Bei soviel Augenlust und Medienpracht ist die begehbare Jenseits-Topographie, die die Ausstellung verspricht, eher brav ausgefallen: Man wollte offenbar niemanden erschrecken. Dabei könnten Mittelalterausstellungen so spannend sein. Wenn es nicht diese unsäglichen Katalogvorworte gäbe. „Durch welche neuen Welten wurde dieses verlorene Jenseits heute ersetzt?“ fragt sich da der Direktor fromm, „Sind es diesseitige oder jenseitige?“ Nein, rückseitige: Gleich hinter dem pittoresken Schweizerischen Landesmuseum versperren Gitter und Stacheldraht den Zugang in die gesäuberte Fixerzone Platzspitz; schnauzbärtige Uniformierte patroullieren an der Straßenbahnhaltestelle und scheuchen die Junkies weg.

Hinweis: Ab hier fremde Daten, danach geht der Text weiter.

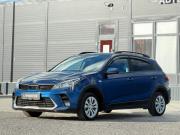 Kia Rio IV Рестайлинг Волгоград  - изображение 34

Vielleicht, denkt sich der Besucher, ist Zürich mit seinen Banken, Bildern und Gespenstern als Ganzes so eine Art Fegefeuer.

„Himmel, Hölle, Fegefeuer“ ist bis 29.5. im Schweizerischen Landesmuseum Zürich und vom 20.6–28.8. im Schnütgen-Museum Köln zu sehen. Katalog 48 sFr.